◆ **What is needed**
Please copy each line of the listing below precisely, excluding the images.

◆ **Collected material**
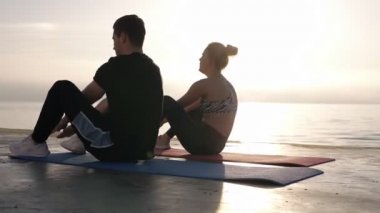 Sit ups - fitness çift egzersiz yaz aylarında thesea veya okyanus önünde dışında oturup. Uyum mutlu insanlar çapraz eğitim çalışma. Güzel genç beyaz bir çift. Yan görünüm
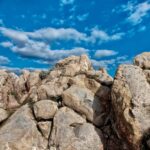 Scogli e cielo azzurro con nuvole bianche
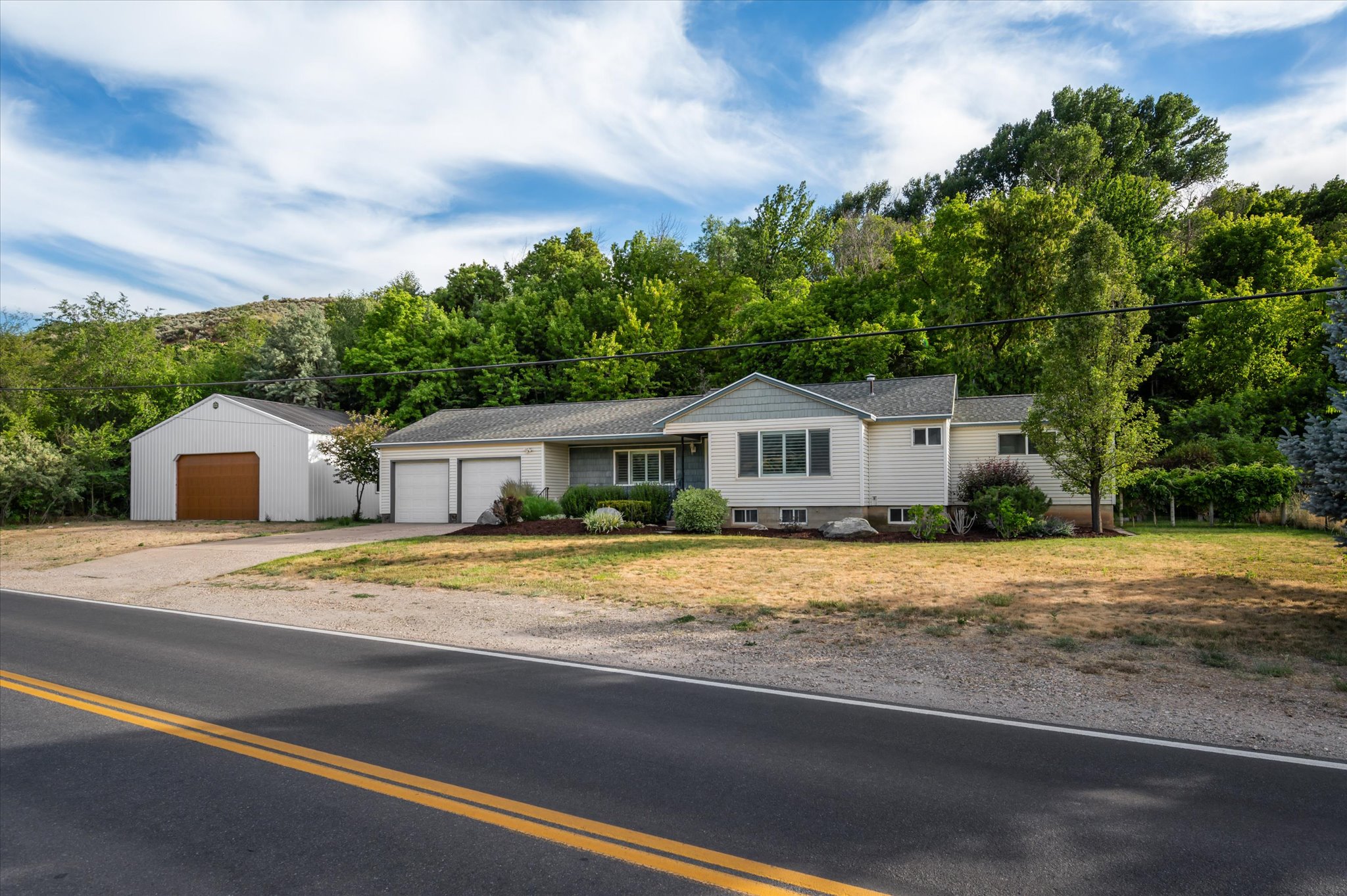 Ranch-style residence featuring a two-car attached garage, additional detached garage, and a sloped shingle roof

◆ **Solution below**
 Sit ups - fitness çift egzersiz yaz aylarında thesea veya okyanus önünde dışında oturup. Uyum mutlu insanlar çapraz eğitim çalışma. Güzel genç beyaz bir çift. Yan görünüm
 Scogli e cielo azzurro con nuvole bianche
 Ranch-style residence featuring a two-car attached garage, additional detached garage, and a sloped shingle roof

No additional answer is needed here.